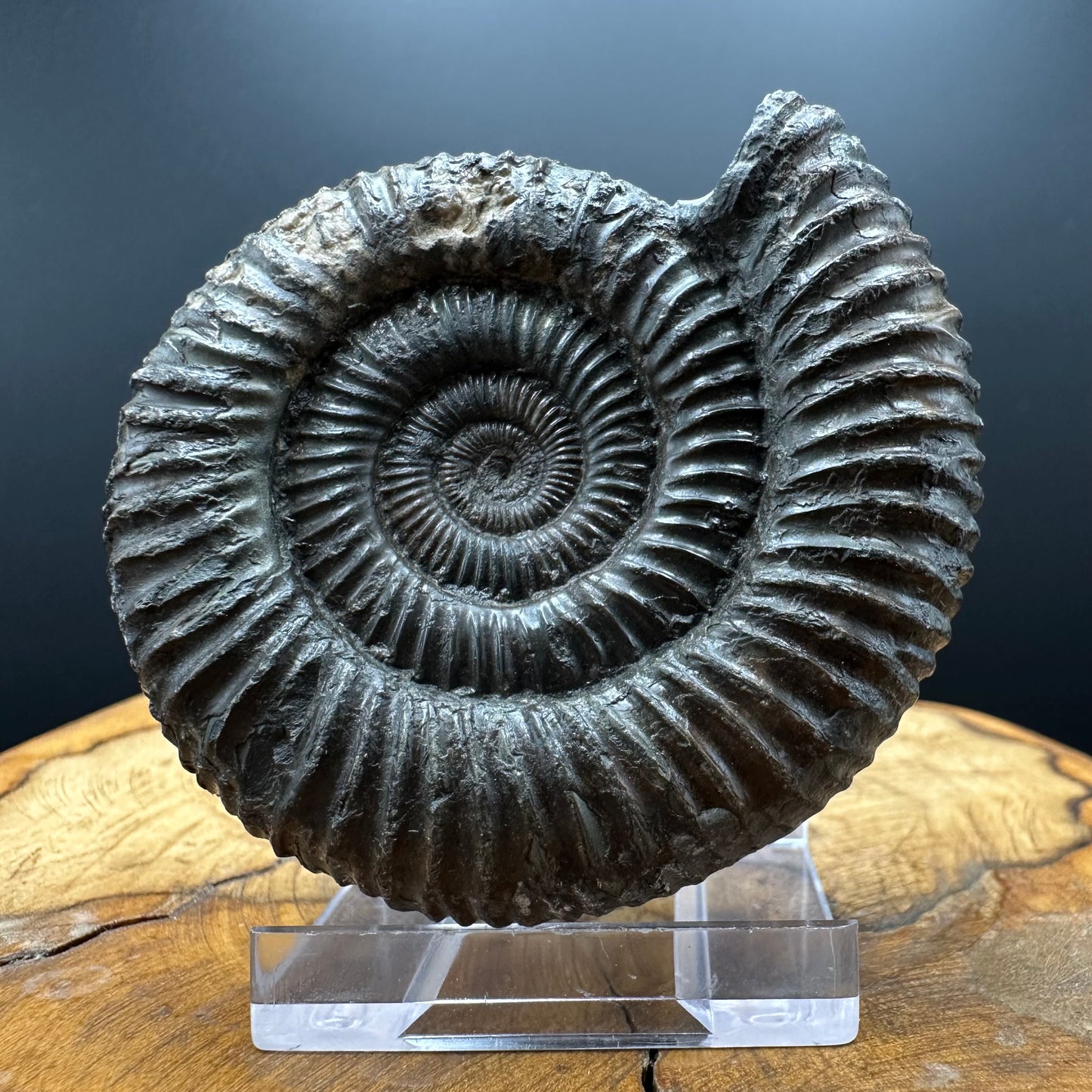 Dactylioceras Ammonite Fossil With box and Stand - Whitby, North Yorkshire Jurassic Coast Yorkshire Fossils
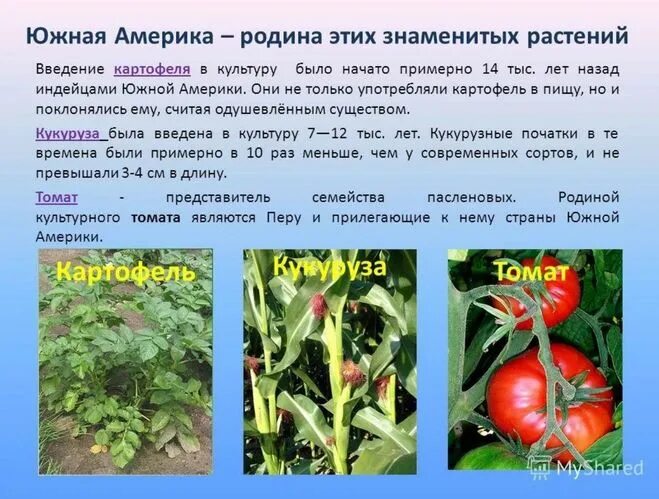 Пример культурных растений из дальних стран Культурное растение пришедшее из дальних стран Найдено картинок: 87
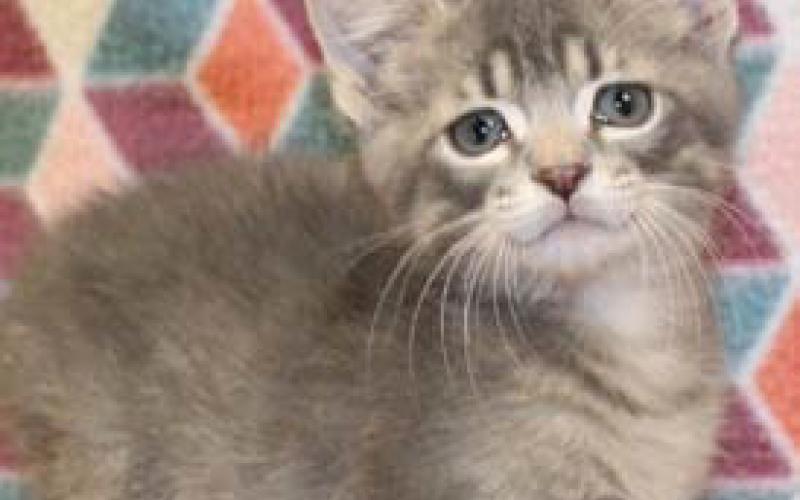 Ben is a male, 8-week-old kitten. courtesy photo | Lampasas Animal Shelter
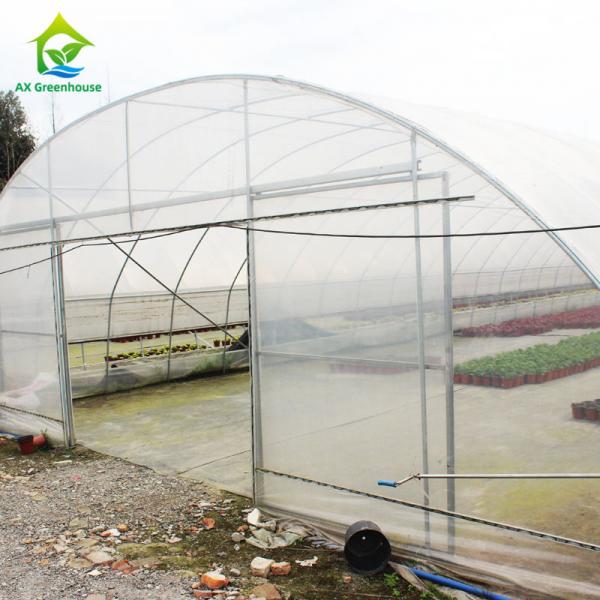 Quality Polycarbonate Poly Tunnel Greenhouse Edible Mushroom Industrial Hemp Greenhouse for sale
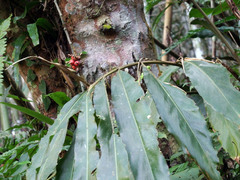 Alpinia shimadae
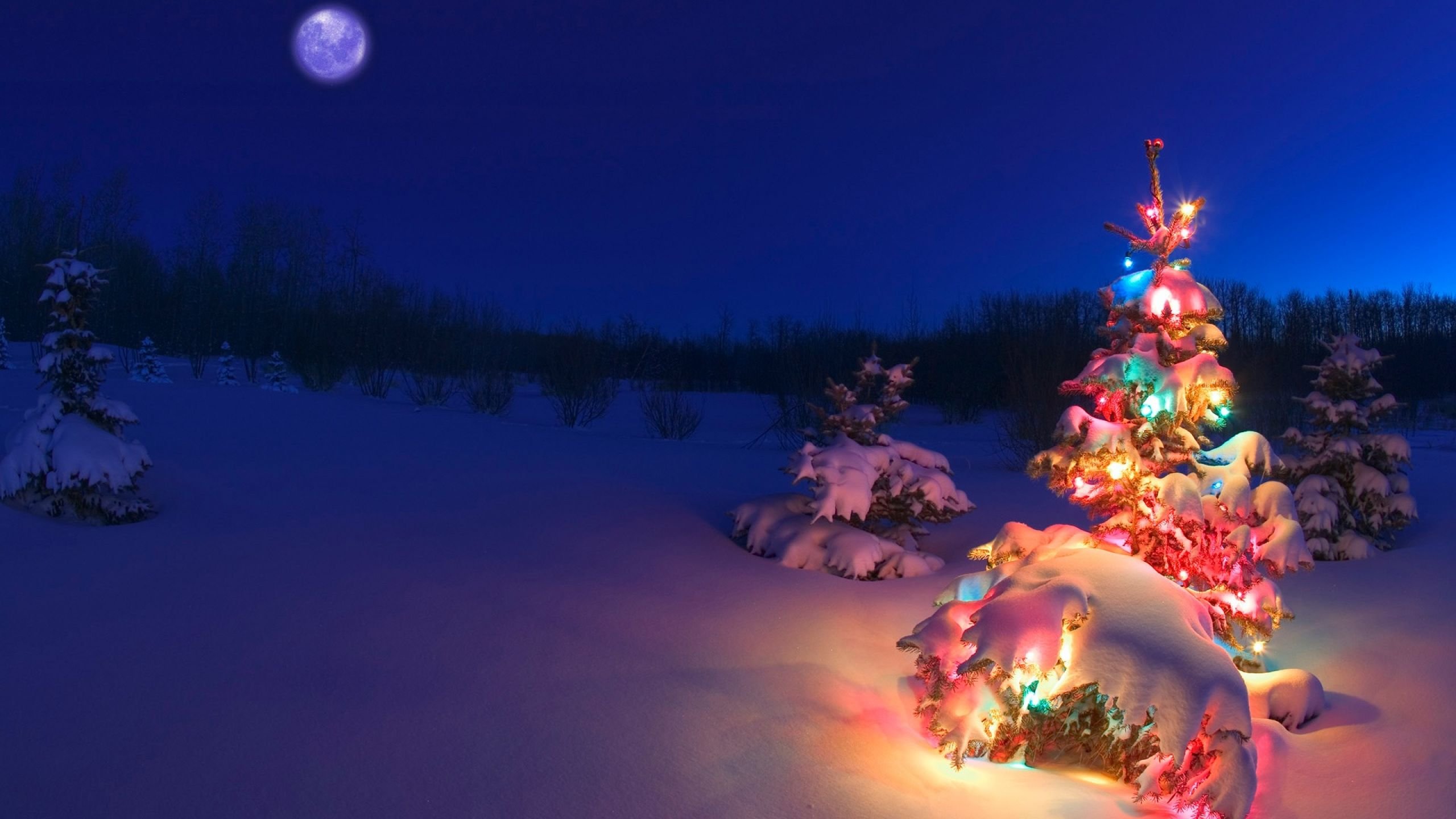 Bạn đang tìm kiếm hình nền Giáng sinh để trang trí cho điện thoại hay máy tính của mình? Hãy ghé thăm trang web của chúng tôi để tải xuống những hình nền đầy màu sắc và âm nhạc Giáng sinh. Chắc chắn rằng bạn sẽ tìm thấy sự ấm áp và hạnh phúc khi chọn một hình nền yêu thích!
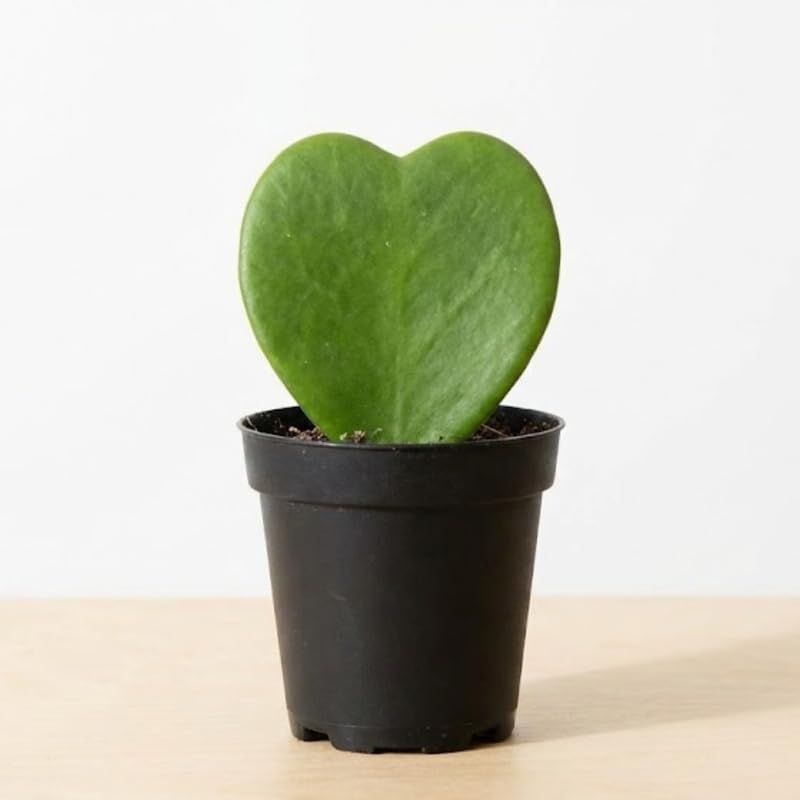2 Hoya Heart Plant, 2 Inch Pot Size, Potted Heart-Shaped Succulent, Small Decorative Plant for Bright Indoor Areas and Shelves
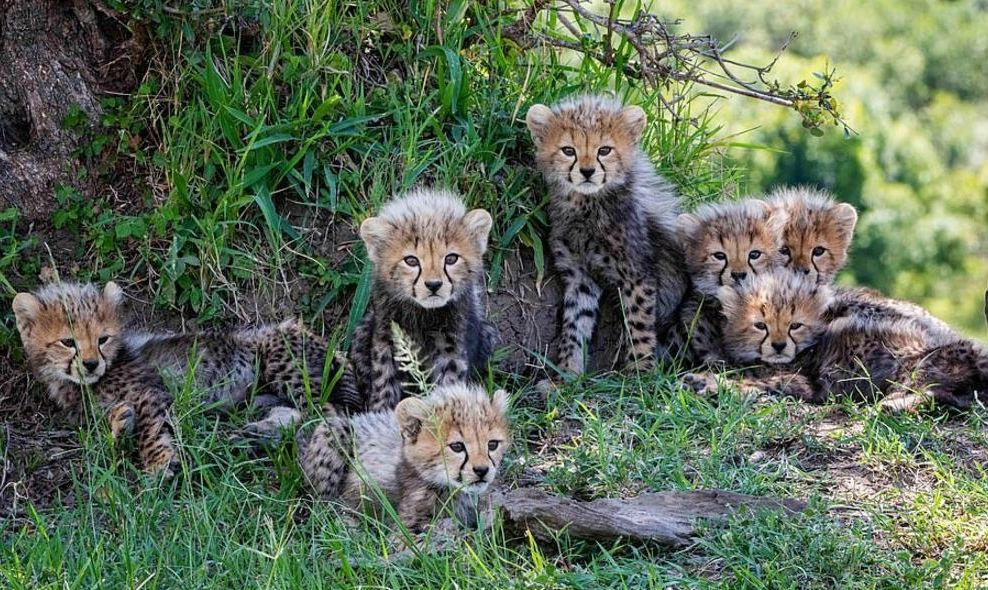 Плодовитая самка гепарда родила семерых детёнышей в заповеднике Масаи-Мара ▶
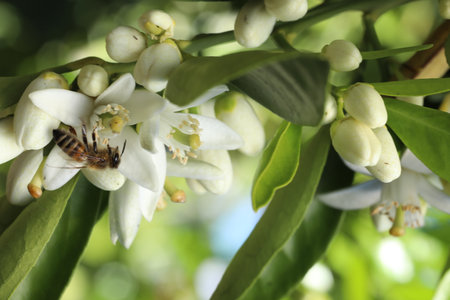 Bees collecting pollen from flowers of a lemon tree in the springの写真素材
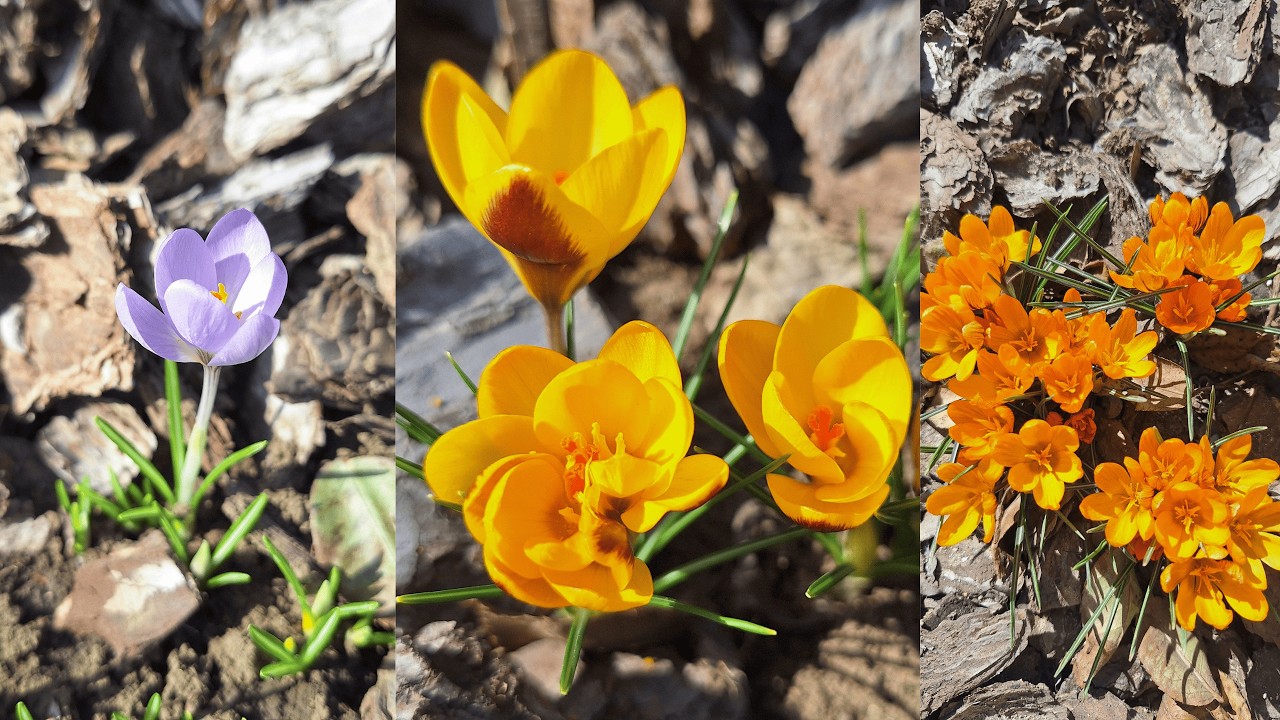 Прогулянка садом. Які роботи вже зробила. КРОКУСИ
______
Copy out all the data above exactly as written. Skip the pictures.

 Dactylioceras Ammonite Fossil With box and Stand - Whitby, North Yorkshire Jurassic Coast Yorkshire Fossils
 Пример культурных растений из дальних стран Культурное растение пришедшее из дальних стран Найдено картинок: 87
 Ben is a male, 8-week-old kitten. courtesy photo | Lampasas Animal Shelter
 Quality Polycarbonate Poly Tunnel Greenhouse Edible Mushroom Industrial Hemp Greenhouse for sale
 Alpinia shimadae
 Bạn đang tìm kiếm hình nền Giáng sinh để trang trí cho điện thoại hay máy tính của mình? Hãy ghé thăm trang web của chúng tôi để tải xuống những hình nền đầy màu sắc và âm nhạc Giáng sinh. Chắc chắn rằng bạn sẽ tìm thấy sự ấm áp và hạnh phúc khi chọn một hình nền yêu thích!
2 Hoya Heart Plant, 2 Inch Pot Size, Potted Heart-Shaped Succulent, Small Decorative Plant for Bright Indoor Areas and Shelves
 Плодовитая самка гепарда родила семерых детёнышей в заповеднике Масаи-Мара ▶
 Bees collecting pollen from flowers of a lemon tree in the springの写真素材
 Прогулянка садом. Які роботи вже зробила. КРОКУСИ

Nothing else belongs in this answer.